At first, Matt denied having lied about his service. Then he admitted he had just put "veteran" on his sign asking for help. That he had told outreach workers and a veteran who stopped after seeing his sign and finally, me, that he had served - because he was too embarrassed to admit he was lying.

In our earlier conversations, Matt had told me he couldn't believe he was on the streets. It didn't seem right and it didn't seem real. That it wasn't happening to him. That if he stayed high, he could believe that it wasn't happening to him.

We tell ourselves stories to get through life. Sometimes we can almost convince ourselves they're true.
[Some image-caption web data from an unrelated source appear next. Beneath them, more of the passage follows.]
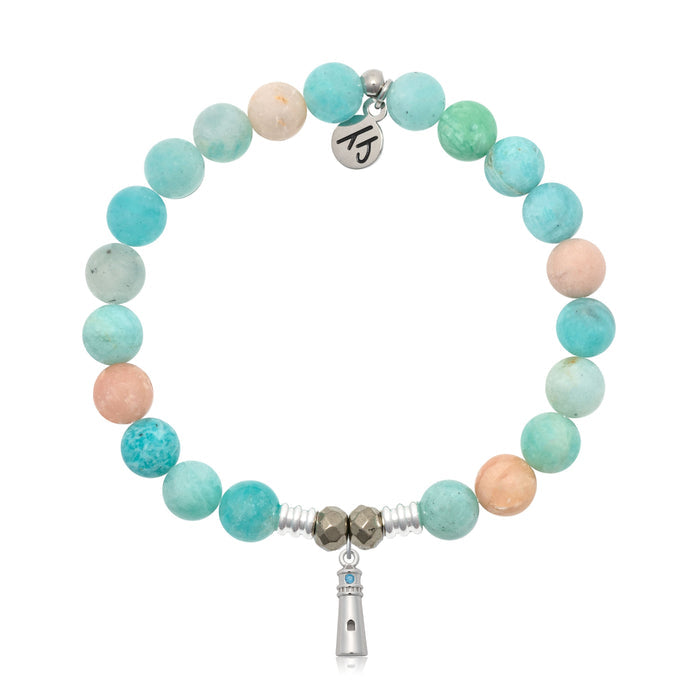 Multi Amazonite Gemstone Bracelet with Lighthouse Sterling Silver Charm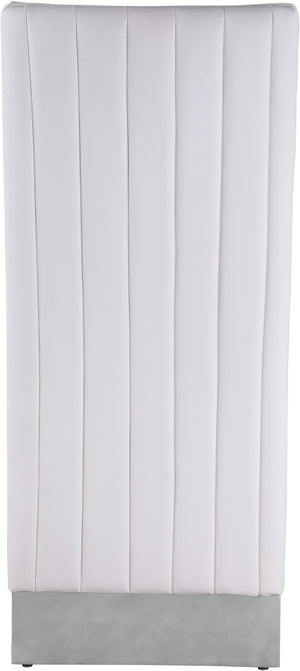 Porsha Faux Leather / Metal / Foam Contemporary White Faux Leather Dining Chair - 19.5" W x 27" D x 42" H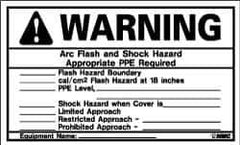 NMC - Accident Prevention Label, Header: WARNING - Legend: Warning - Arc Flash and Shock Hazard - Appropriate PPE Required, English, Black & Orange, 5" Long x 3" High, Sign Muscle Finish - All Tool & Supply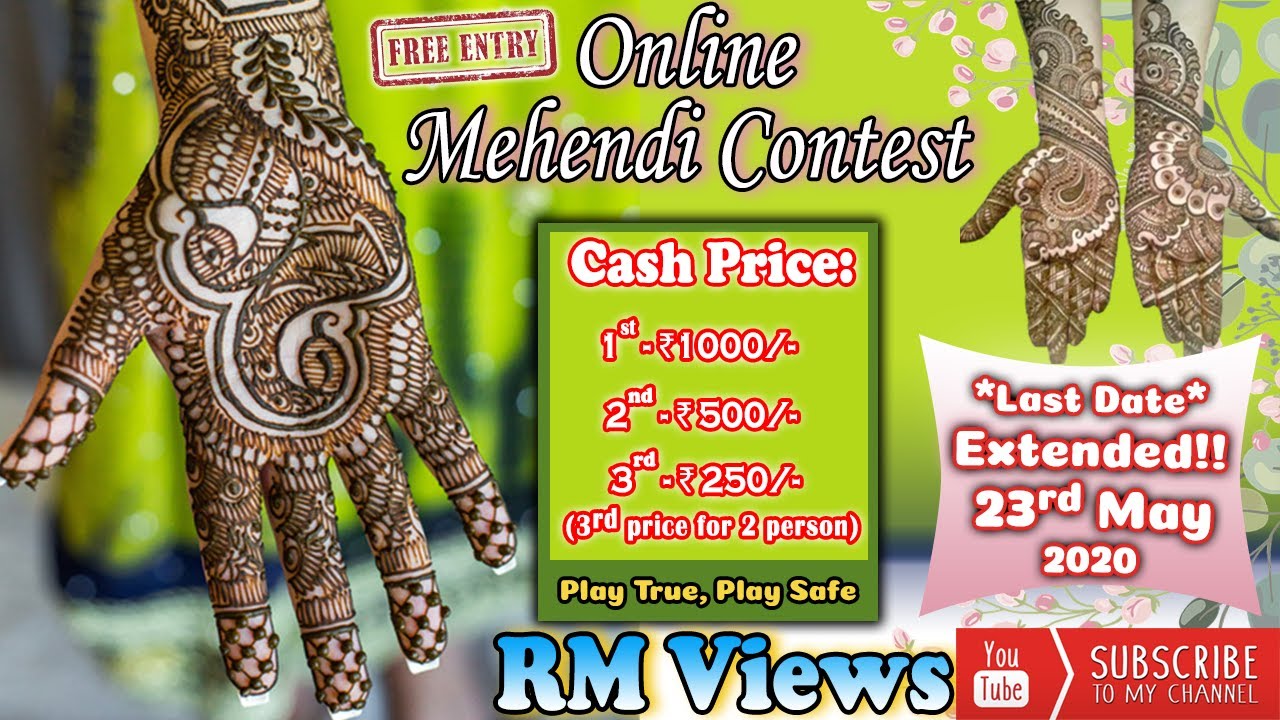 RM Views Mehendi contest//cashprice//Last date 17may 2020//Ramzan Special online mehendi contest!!!!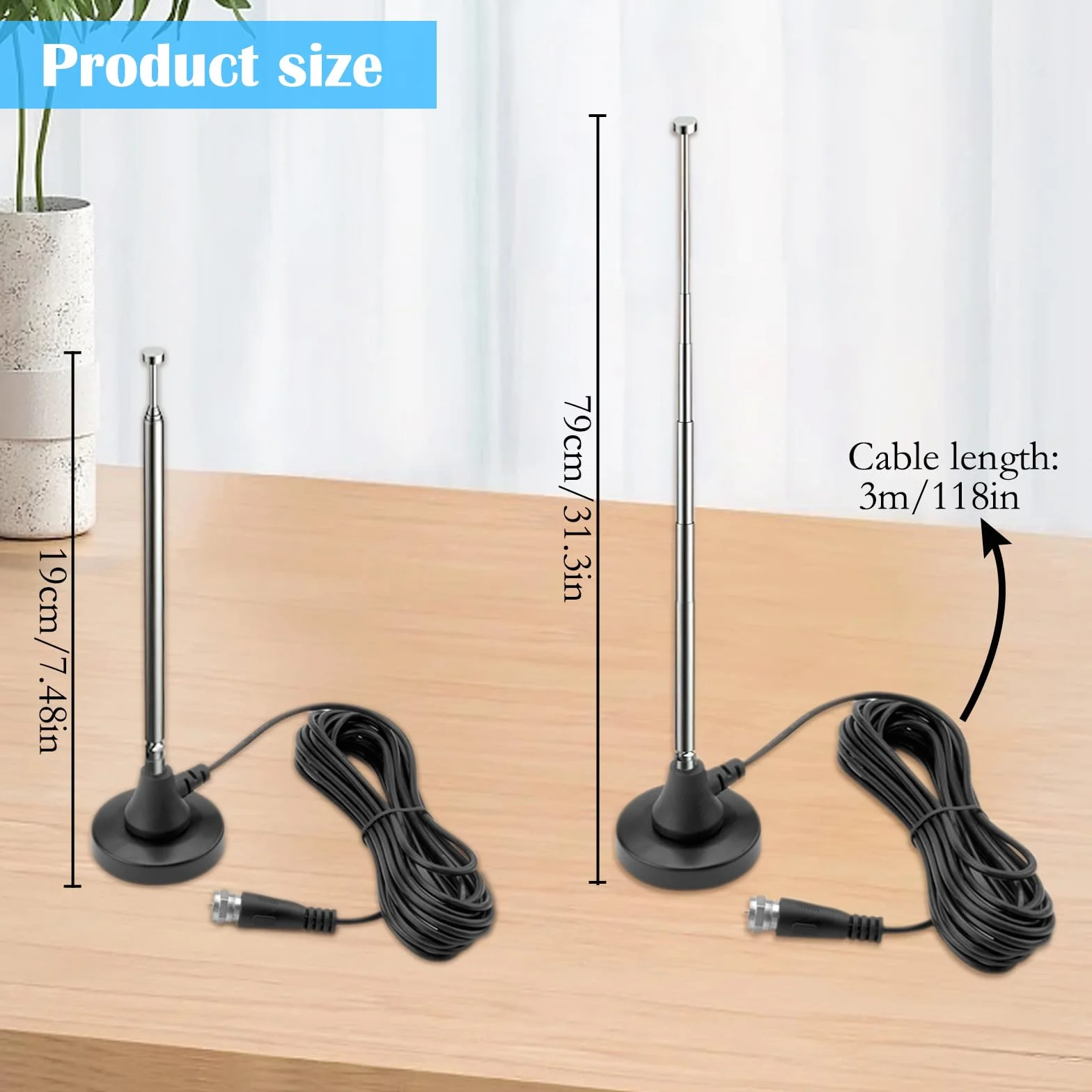 Antena radiowa DAB FM teleskopowa z podstawą magnetyczną kabel 3 m 75 omów DAB+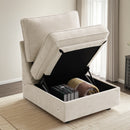 INGALIK Modern Modular Couch Sofa with Seats Storage, Sectional Couch with W/Deep Seat, Comfy Chenille Loveseat Sofa for Living Room, Side Pockets, USB Port, Removable Cover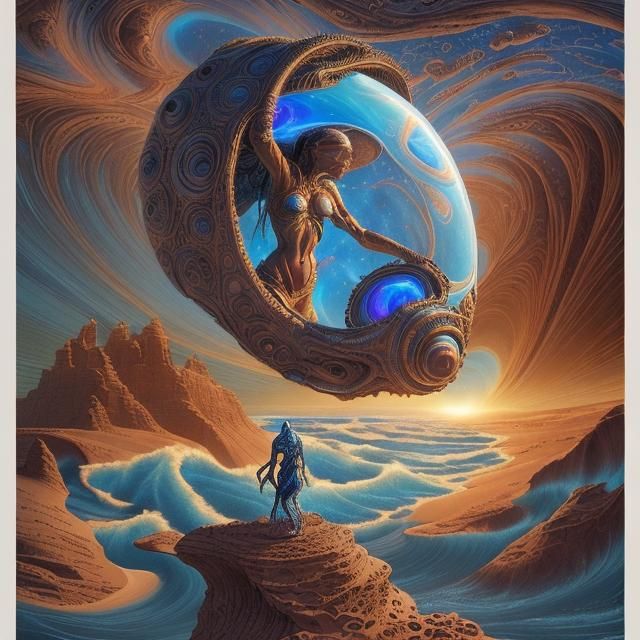 intricate hyperdetailed epic cosmic time portal above a mast...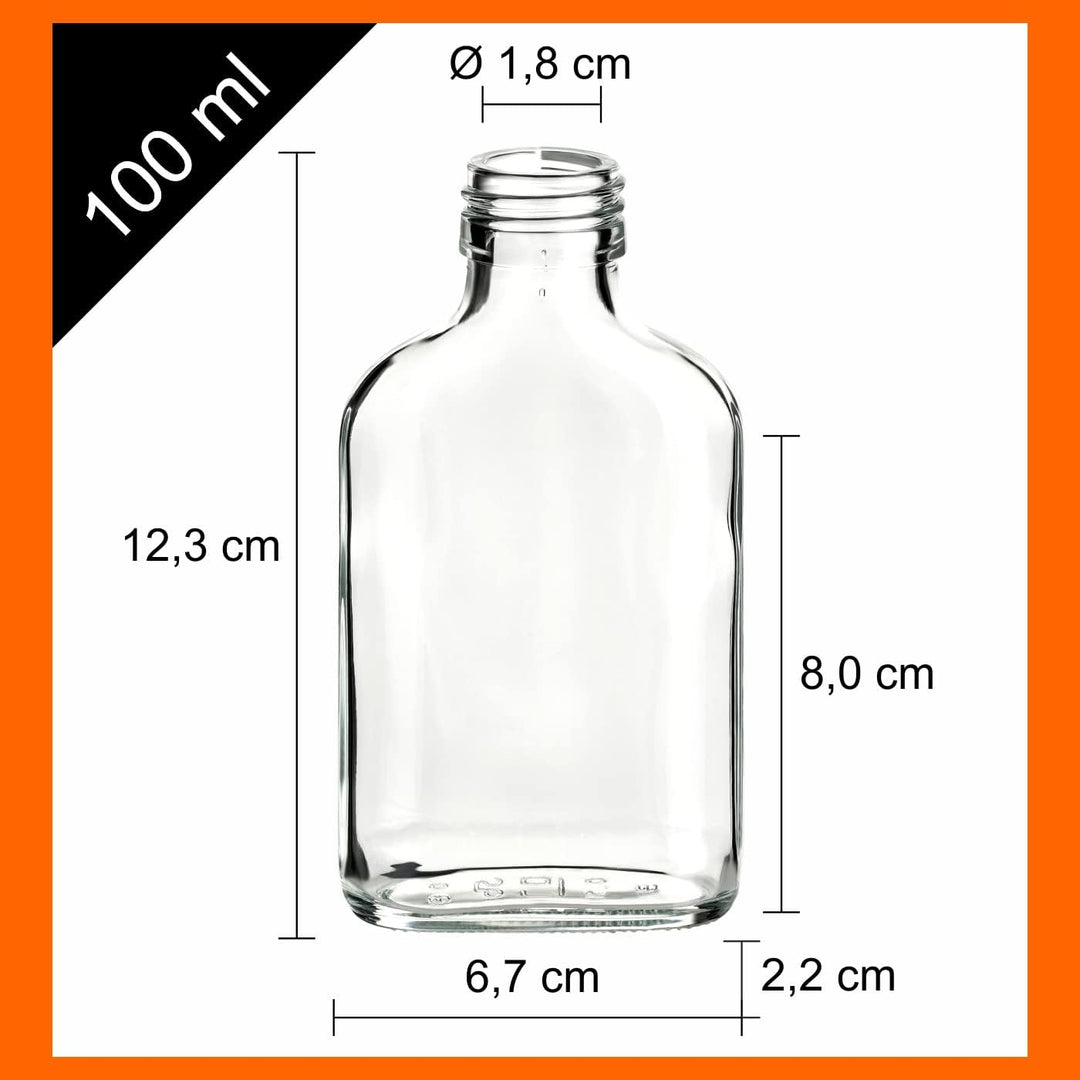 gouveo 24er Set Glasflasche 100 ml (0,10 l) Glasflasche 100 ml Flachmann Schraubverschluss PP28 mit
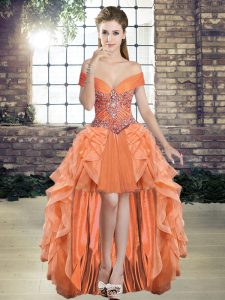 Unique Orange Tulle Lace Up Formal Dresses Sleeveless High Low Beading and Ruffles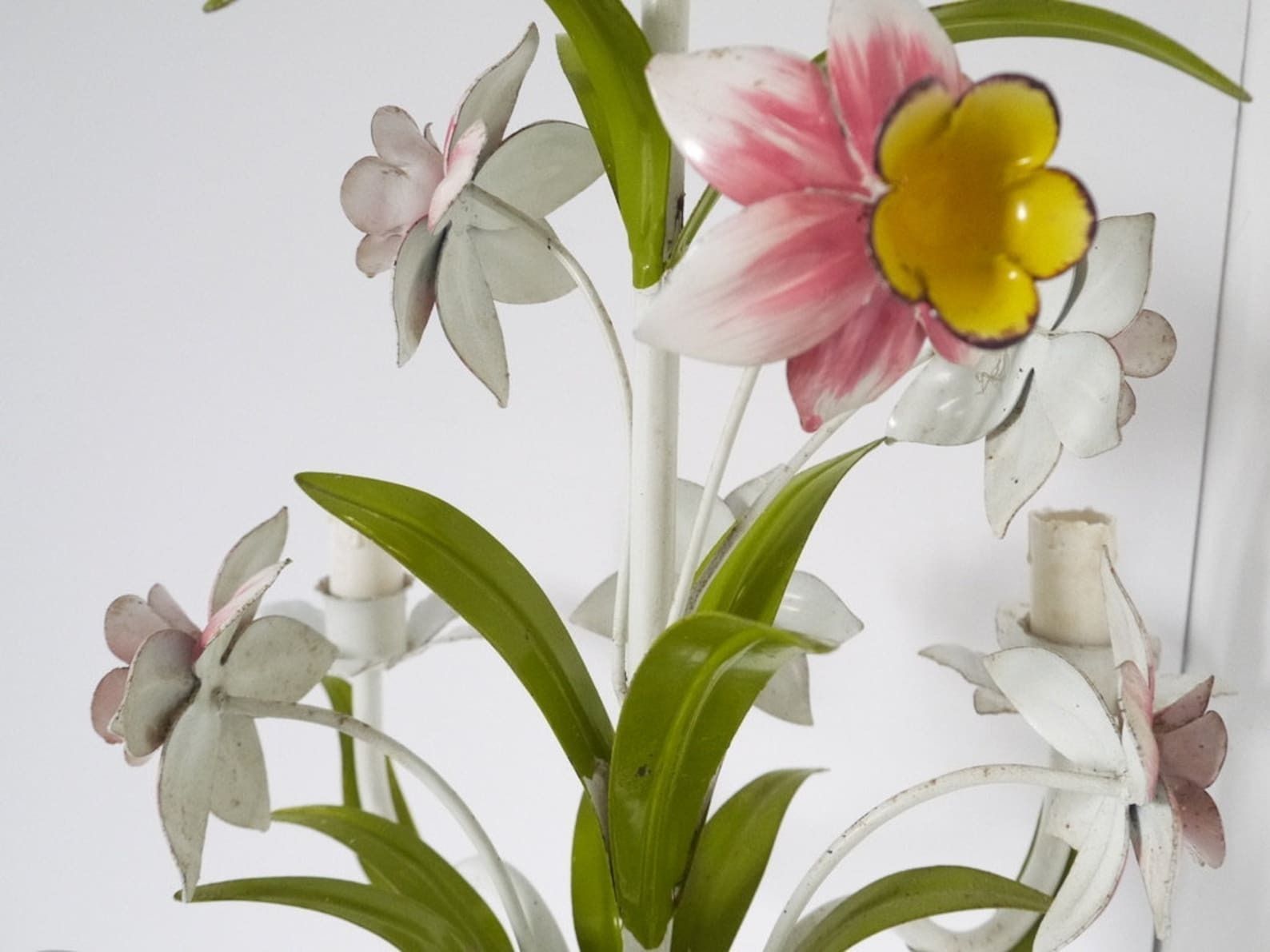 French Vintage Metal Chandelier Multicoloured Floral Bouquet Tole Tolex photo for sale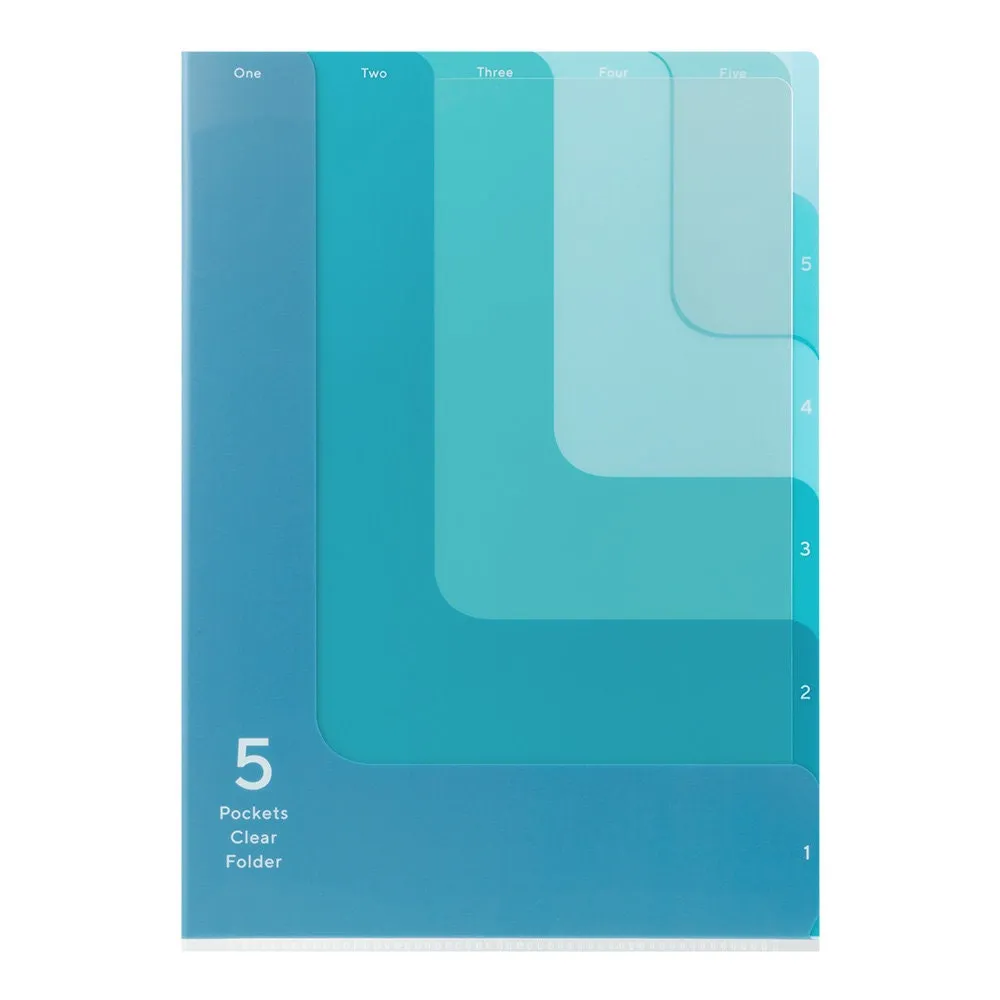 2 WAY TURQUOISE Midori A4 5 Pocket Clear Folder MD Folder Water Resistant Folder | 310mm X 221mm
Maybe telling a newspaper reporter he had been wounded serving his country was another way of getting through it all. Maybe it was a way of leveling the playing field with the people who walked past him on the sidewalk. Maybe it was just a ploy for pocket change and a quicker hit.

He asked me if I thought people would still want to help him if they knew he had lied. I told him I didn't know. I told him I hoped he'd get off the streets - and get help.

I told him this was on me, too.

And I hope you, readers, know that I understand that fully.

"I apologize," he called out as I walked away.

My story wasn't just about Matt's military service. That was a backdrop to what I found most important about Matt, and the others I wrote about in Wednesday's column: that they were young and addicted and homeless, and that there are so many others like them.

Young people who, in the midst of a skyrocketing opiate addiction crisis tearing away at suburban communities and small towns across the country, have traveled so far from the lives and people they were. Far enough that they might claim to be someone else. Someone different, someone more noble.

I've spent 10 years interviewing people, many of them on the margins of society, doing their best to rationalize what they have made of their lives - and make sense of a world engulfing them.

I'm still glad I interviewed Matt.

I still think his story - even the lies - lays bare the desperation on the streets of Center City.

I went to Matt's corner Thursday to tell him I was writing about him again. He wasn't there.

A girl Matt had met on the streets had taken his spot. She had not seen him since morning.

"All he said was he was making his money to do what he had to do," she said.